Keywords

1 Introduction

Quite a lot of equipment is available for use in the home to inform the owner of important events, ranging from visitors at the door to gas leaks, all of which require immediate attention, though with quite different responses and different urgency levels. Though the usual notification is a special sound signal, for hearing-impaired persons and those too distant to hear such signals, many products communicate by methods other than sound. However, remote warning devices are specialized in ways that make them much more expensive than ordinary devices [1, 2]. It would be useful to have a single system to recognize all these various alarm signals and communicate their messages through a single channel to their intended recipients, whether disabled, distant, or simply distracted.

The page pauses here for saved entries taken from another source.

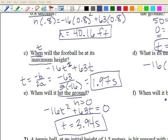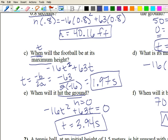Part f asks when the football will be seventy feet above the ground. You could set up seventy equals negative sixteen t squared plus sixty-three t and solve, but this is almost a trick question. The answer is never, because the maximum height is sixty-two feet. It can't reach seventy feet if the highest it gets is sixty-two feet.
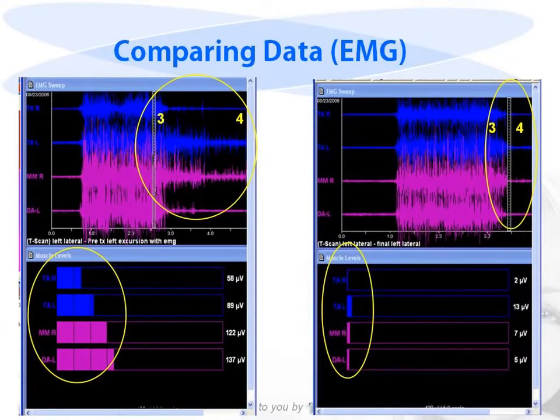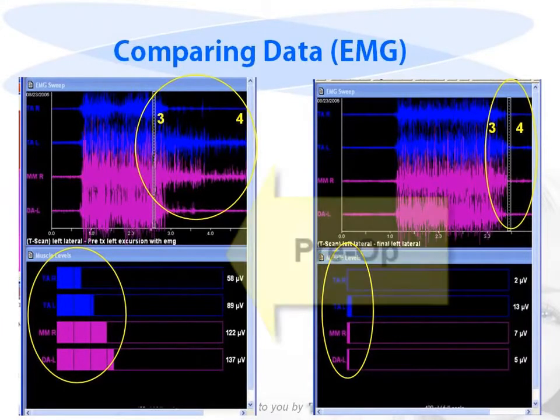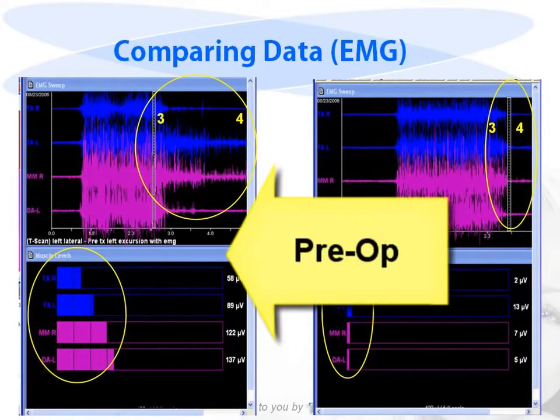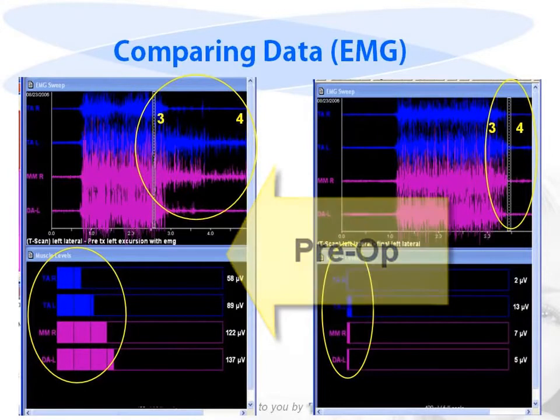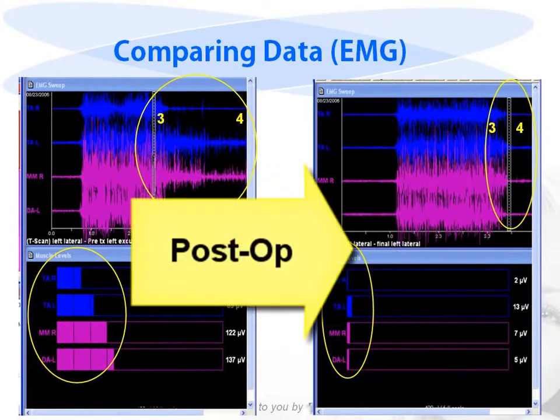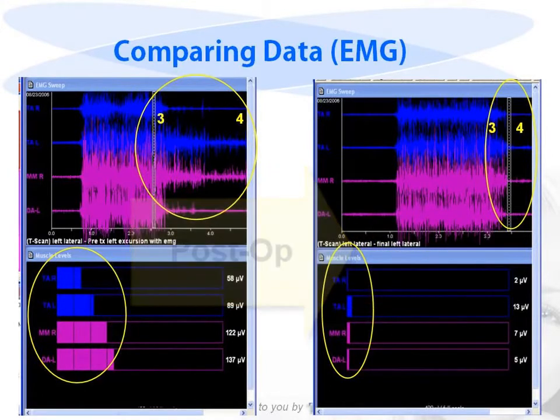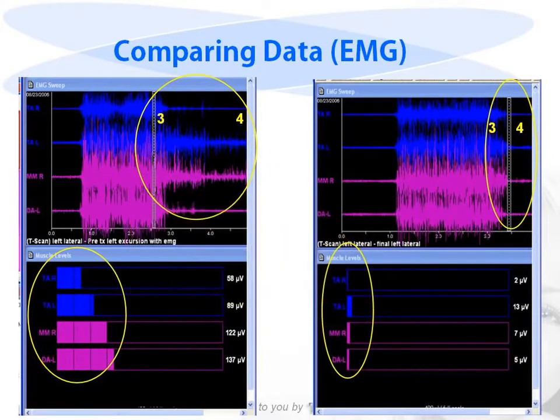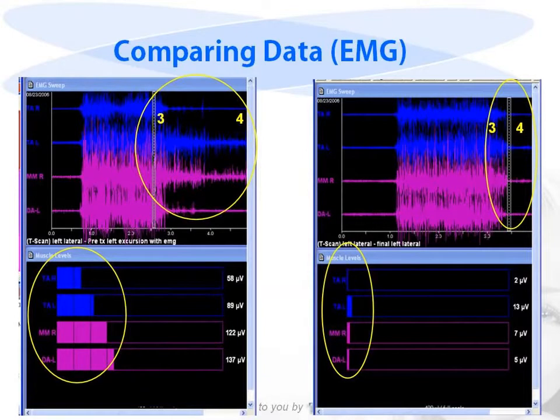A comparison of the pre-op to the post-op condition with long disclusion time pre-operatively versus short disclusion time post-operatively, you can see the dramatic difference between the time it took to go from the commencement of the excursive movement, number 3, to anterior guidance, number 4.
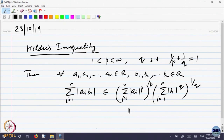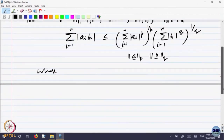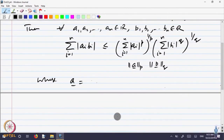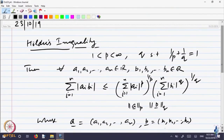This quantity we called the p-th norm of vector A, and the other was called the q-th norm of vector B, where A is the vector (a₁, a₂, ..., aₙ) and B is the vector (b₁, b₂, ..., bₙ). This was Hölder's inequality, which is a generalization of the Cauchy-Schwarz inequality, which is the case when p equals q equals 2.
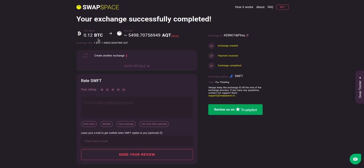And that's it. Now you've learned how to swap BTC to AQT in a fast and easy way. Rate your experience with the chosen exchange service with our in-build rating system, or leave a full review about SwapSpace on Trustpilot. Thanks for watching and hope to see you on SwapSpace.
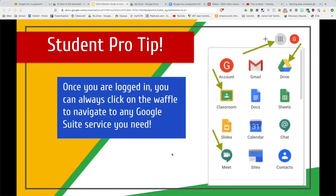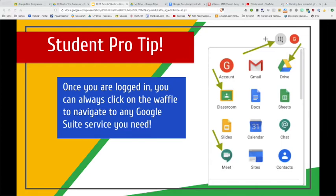Student pro tip: once students log into Google Classroom, all they have to do is go up to the Waffle — this icon right here — and they will actually be able to pull down and access anything that's G Suite related: their Google Drive, Google email, account settings, their classroom, Docs, Sheets, Slides, their Google Calendar which will show due dates of upcoming assignments, Google Meet so that they can join a video meeting for a specific class, and even Google Sites for building a portfolio. They can access all of that from the Waffle.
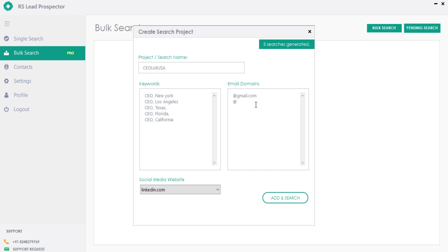You can list all major email providers here, so it will extract available emails from listed domains.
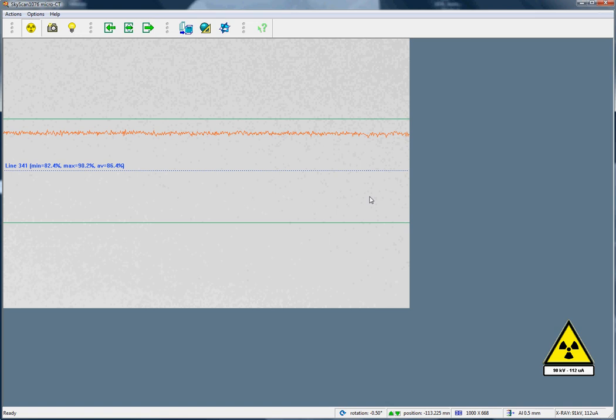In the 1076 scanner we have 4 different filters and 3 resolution levels, which gives us 12 scanning modes.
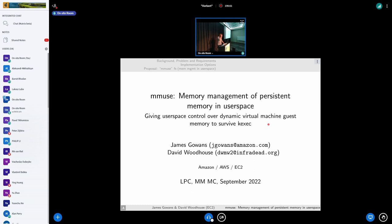Hi everyone, good afternoon. I'm James. I'm a kernel and hypervisor engineer for Amazon EC2.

Machine learning techniques have already been widely applied in fields such as image recognition, speech recognition [3] and automatic translation [4], so it seems reasonable to apply them to the classification of various alarm sounds, whether smoke alarms or kitchen trimers. Although there are studies aimed at detecting alarm sounds [5,6,7], it is two divisions of alarm sounds and non-alarm sounds, and a plurality of various alarm sounds are not classified. In addition, it is an examination of the element technology, and no investigation has been done on a system for communicating the occurrence of alarm sound to the user.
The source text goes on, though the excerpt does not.